In Mainz verwies Kardinal Karl Lehmann auf den Symbolcharakter des Erfurter Treffens. "Vor einigen Jahren wäre das noch nicht möglich gewesen", sagte der katholische Bischof am Donnerstag. Ob der Papst sich in Erfurt zur Bedeutung Luthers und der Reformation äußern werde, wisse er jedoch nicht.

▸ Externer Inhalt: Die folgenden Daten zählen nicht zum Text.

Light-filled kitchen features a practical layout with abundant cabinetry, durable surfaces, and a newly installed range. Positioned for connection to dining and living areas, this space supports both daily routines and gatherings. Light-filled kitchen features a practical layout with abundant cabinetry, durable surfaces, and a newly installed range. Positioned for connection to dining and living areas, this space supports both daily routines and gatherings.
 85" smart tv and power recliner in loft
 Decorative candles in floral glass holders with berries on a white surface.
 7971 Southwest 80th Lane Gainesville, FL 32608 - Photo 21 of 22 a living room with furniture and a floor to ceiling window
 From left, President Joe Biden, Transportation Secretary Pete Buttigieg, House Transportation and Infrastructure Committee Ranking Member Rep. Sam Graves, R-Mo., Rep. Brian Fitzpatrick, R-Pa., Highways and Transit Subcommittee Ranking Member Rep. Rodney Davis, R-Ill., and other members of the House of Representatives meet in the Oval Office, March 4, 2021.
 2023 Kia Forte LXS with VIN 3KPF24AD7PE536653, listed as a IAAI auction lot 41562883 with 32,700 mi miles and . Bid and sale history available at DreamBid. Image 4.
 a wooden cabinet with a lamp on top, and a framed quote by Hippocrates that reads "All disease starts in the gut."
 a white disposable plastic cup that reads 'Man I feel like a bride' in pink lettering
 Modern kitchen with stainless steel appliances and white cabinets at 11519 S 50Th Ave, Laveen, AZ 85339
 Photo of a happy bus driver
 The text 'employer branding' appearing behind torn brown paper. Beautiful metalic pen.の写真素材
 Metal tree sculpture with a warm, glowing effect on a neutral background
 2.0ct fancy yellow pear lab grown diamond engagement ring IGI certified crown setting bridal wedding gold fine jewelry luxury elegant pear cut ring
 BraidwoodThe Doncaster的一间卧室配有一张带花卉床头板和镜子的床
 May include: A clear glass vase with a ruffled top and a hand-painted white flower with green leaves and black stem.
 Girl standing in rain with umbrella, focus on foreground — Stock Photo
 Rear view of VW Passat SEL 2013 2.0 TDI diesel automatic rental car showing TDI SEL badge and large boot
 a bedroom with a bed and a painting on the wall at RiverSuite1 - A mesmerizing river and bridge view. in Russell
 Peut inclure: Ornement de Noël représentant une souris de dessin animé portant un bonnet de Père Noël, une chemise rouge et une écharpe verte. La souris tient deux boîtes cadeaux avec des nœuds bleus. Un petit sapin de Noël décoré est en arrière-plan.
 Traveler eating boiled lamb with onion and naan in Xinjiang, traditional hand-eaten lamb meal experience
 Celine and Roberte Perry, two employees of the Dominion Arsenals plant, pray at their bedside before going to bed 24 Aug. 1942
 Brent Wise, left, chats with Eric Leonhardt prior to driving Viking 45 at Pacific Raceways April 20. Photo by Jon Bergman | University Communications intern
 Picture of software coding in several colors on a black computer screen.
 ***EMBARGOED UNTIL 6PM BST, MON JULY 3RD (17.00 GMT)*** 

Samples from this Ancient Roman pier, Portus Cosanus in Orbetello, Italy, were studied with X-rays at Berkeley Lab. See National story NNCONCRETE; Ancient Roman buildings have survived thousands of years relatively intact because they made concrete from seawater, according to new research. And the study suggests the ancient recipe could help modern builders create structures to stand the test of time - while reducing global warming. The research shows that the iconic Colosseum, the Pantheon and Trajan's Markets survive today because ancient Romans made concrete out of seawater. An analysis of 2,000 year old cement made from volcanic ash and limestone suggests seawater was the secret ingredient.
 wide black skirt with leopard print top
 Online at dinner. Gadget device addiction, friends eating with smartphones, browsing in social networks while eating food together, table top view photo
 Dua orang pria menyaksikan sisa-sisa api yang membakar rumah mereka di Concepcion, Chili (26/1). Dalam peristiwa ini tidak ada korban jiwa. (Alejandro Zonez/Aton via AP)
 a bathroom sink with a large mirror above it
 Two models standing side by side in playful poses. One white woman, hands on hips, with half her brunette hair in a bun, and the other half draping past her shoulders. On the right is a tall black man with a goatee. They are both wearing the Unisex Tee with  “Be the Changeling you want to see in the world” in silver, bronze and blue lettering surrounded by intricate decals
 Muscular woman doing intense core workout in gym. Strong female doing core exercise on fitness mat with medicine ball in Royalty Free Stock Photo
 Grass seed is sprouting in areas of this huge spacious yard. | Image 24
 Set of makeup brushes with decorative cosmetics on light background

Der Zeitplan des Papstes sei so mit Terminen gefüllt, dass er keine wesentliche Fortschritte bei der geplanten Begegnung mit Spitzenvertretern der evangelischen Kirche erwarte, sagte Lehmann.

Lehmann sagte, er selbst wünsche sich sehr, dass Katholiken und Protestanten sich bei dem Papstbesuch auf ein großes ökumenisches Projekt verständigen könnten - etwa auf eine gemeinsame Bewertung der Reformation bis zum 500. Jahrestag im Jahr 2017. Bei den Bemühungen um mehr Gemeinsamkeiten dürften sich die Gespräche nicht allein um den Streitpunkt des gemeinsamen Abendmahls drehen, forderte der Kardinal.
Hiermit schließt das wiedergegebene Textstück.